**Work to complete:** If a line in the entries below contains "room", copy it.

**Data for this exercise:**
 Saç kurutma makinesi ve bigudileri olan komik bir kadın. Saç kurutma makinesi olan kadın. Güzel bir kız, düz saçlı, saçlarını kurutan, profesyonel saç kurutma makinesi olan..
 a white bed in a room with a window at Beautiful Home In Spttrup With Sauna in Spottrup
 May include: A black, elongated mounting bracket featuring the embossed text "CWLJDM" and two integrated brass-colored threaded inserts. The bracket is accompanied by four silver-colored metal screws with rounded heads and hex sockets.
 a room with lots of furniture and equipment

* * *

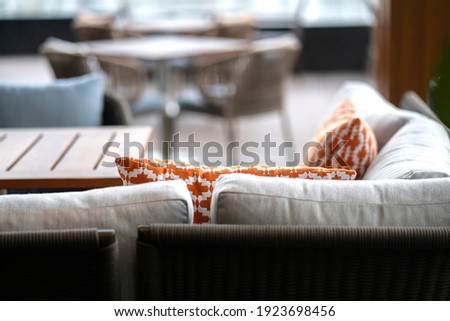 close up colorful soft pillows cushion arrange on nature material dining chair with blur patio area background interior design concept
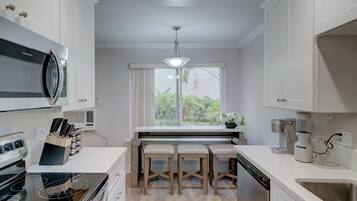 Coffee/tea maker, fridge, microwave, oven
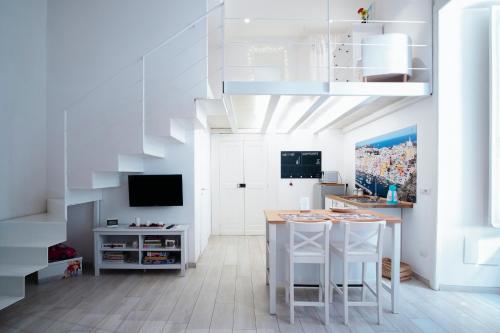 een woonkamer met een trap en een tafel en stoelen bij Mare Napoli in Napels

**Your solution:**
 a white bed in a room with a window at Beautiful Home In Spttrup With Sauna in Spottrup
 a room with lots of furniture and equipment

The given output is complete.